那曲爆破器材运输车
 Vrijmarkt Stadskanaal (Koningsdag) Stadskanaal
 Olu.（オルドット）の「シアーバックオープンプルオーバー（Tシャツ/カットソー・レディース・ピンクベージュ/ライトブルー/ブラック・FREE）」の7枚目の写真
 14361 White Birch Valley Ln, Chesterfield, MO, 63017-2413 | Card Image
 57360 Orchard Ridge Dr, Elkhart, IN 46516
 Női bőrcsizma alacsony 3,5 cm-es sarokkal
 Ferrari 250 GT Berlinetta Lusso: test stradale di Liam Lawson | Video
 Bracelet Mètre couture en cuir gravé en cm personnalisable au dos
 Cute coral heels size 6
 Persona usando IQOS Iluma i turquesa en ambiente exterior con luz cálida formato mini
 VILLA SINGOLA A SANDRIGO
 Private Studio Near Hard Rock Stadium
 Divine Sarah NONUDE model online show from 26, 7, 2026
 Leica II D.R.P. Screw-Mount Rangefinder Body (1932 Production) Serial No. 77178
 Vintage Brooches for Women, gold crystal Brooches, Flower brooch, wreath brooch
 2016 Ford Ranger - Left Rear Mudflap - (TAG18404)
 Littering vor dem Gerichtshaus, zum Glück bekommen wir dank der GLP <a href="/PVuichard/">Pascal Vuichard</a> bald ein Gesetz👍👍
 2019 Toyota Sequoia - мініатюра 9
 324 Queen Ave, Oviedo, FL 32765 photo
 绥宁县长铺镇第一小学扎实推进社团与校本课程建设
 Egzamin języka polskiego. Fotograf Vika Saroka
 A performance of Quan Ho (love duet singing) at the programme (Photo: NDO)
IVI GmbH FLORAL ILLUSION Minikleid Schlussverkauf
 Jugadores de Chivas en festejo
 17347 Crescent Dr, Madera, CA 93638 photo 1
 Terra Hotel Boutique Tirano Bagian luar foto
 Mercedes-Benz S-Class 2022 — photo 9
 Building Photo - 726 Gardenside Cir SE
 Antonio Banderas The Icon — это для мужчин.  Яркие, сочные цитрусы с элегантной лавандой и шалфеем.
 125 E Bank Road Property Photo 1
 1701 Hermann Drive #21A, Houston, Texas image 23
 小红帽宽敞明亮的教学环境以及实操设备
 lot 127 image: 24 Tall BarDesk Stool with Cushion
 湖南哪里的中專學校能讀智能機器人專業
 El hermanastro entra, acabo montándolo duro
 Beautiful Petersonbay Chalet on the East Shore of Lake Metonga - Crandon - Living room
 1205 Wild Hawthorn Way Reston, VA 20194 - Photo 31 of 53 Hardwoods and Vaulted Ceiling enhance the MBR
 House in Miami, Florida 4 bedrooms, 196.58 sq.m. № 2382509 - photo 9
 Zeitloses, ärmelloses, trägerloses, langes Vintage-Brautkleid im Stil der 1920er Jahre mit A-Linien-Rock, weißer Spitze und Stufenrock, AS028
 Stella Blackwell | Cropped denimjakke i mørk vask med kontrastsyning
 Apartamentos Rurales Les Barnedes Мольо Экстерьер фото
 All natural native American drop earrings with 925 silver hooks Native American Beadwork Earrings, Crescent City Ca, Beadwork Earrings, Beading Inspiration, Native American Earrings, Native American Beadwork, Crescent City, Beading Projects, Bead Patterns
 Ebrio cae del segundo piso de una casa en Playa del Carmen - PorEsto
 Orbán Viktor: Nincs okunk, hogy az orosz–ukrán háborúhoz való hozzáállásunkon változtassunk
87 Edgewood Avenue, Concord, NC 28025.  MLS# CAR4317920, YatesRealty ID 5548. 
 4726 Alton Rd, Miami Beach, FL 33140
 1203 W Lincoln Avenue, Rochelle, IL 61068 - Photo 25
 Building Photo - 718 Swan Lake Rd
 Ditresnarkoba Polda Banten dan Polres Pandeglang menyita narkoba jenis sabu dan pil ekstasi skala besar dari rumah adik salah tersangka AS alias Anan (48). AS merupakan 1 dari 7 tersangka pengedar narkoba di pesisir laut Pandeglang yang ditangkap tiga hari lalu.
+ + + + +
(GOAL OF THE EXERCISE):
Write out exactly the lines above between the line with "Cute coral heels size 6" and the line with "Divine Sarah NONUDE", inclusive, and nothing beyond them.

(RESPONSE TO THIS EXERCISE):
 Cute coral heels size 6
 Persona usando IQOS Iluma i turquesa en ambiente exterior con luz cálida formato mini
 VILLA SINGOLA A SANDRIGO
 Private Studio Near Hard Rock Stadium
 Divine Sarah NONUDE model online show from 26, 7, 2026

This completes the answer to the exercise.